1 files changed, 23 insertions, 8 deletions

diff --git a/synapse/rest/client/login.py b/synapse/rest/client/login.py

index d4dc2462b9..6493b00bb8 100644
--- a/synapse/rest/client/login.py
+++ b/synapse/rest/client/login.py
@@ -104,6 +104,9 @@ class LoginRestServlet(RestServlet):
             and hs.config.experimental.msc3866.require_approval_for_new_accounts
         )
 
+        # Whether get login token is enabled.

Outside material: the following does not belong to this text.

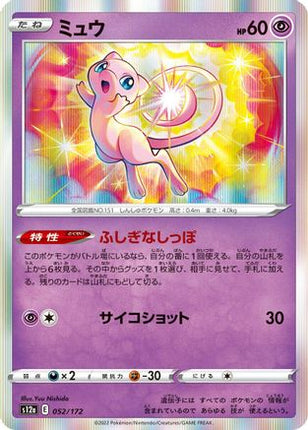 Mew - 052/172 (052/172) - S12a VSTAR Universe Holofoil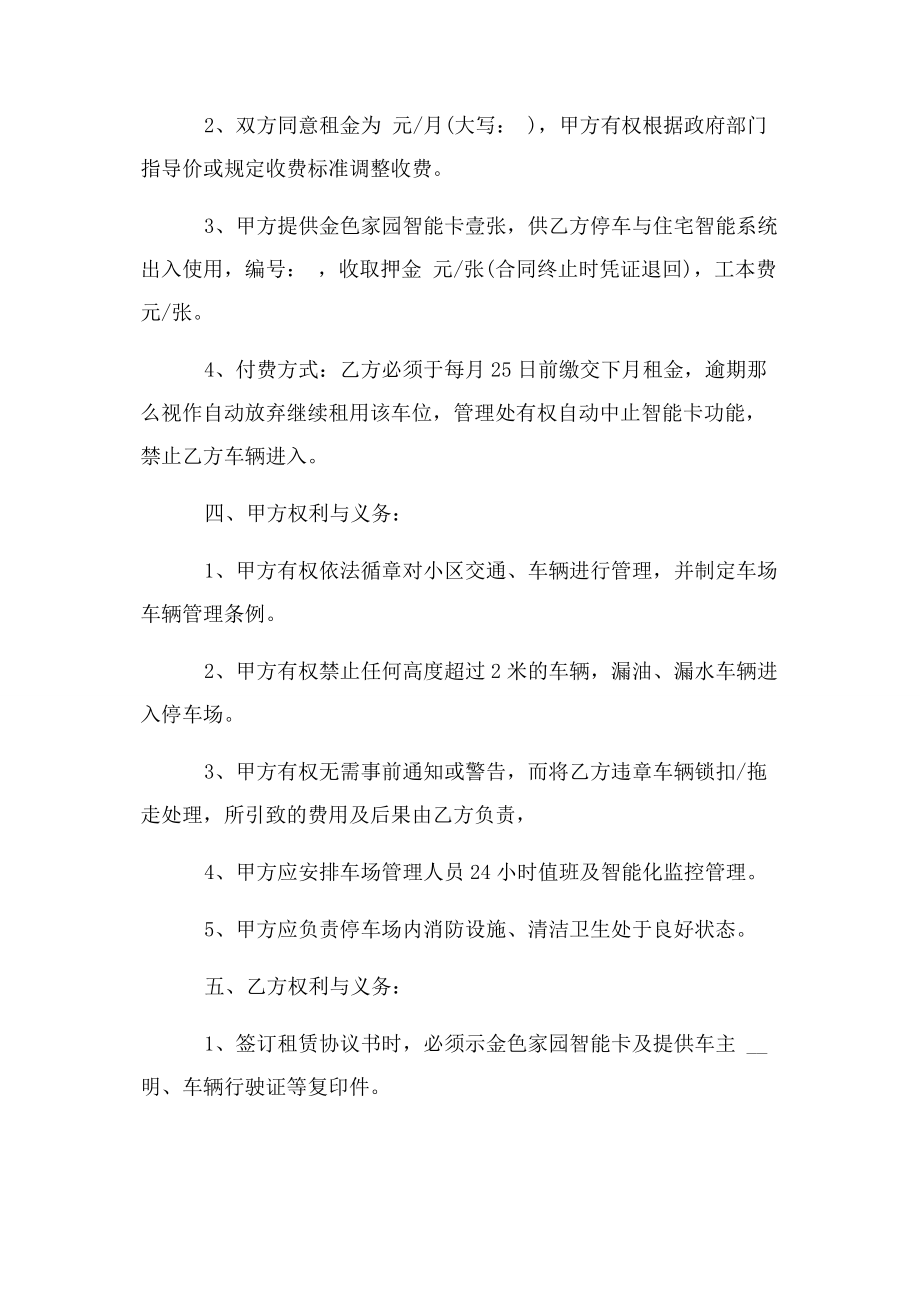 2023年简单版车位出租合同协议书 简单版车位出租合同协议.docx_第3页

+        self._get_login_token_enabled = hs.config.auth.login_via_existing_enabled
+
         self.auth = hs.get_auth()
 
         self.clock = hs.get_clock()
@@ -142,6 +145,9 @@ class LoginRestServlet(RestServlet):
             # to SSO.
             flows.append({"type": LoginRestServlet.CAS_TYPE})
 
+        # The login token flow requires m.login.token to be advertised.
+        support_login_token_flow = self._get_login_token_enabled
+
         if self.cas_enabled or self.saml2_enabled or self.oidc_enabled:
             flows.append(
                 {
@@ -153,14 +159,23 @@ class LoginRestServlet(RestServlet):
                 }
             )
 
-            # While it's valid for us to advertise this login type generally,
-            # synapse currently only gives out these tokens as part of the
-            # SSO login flow.
-            # Generally we don't want to advertise login flows that clients
-            # don't know how to implement, since they (currently) will always
-            # fall back to the fallback API if they don't understand one of the
-            # login flow types returned.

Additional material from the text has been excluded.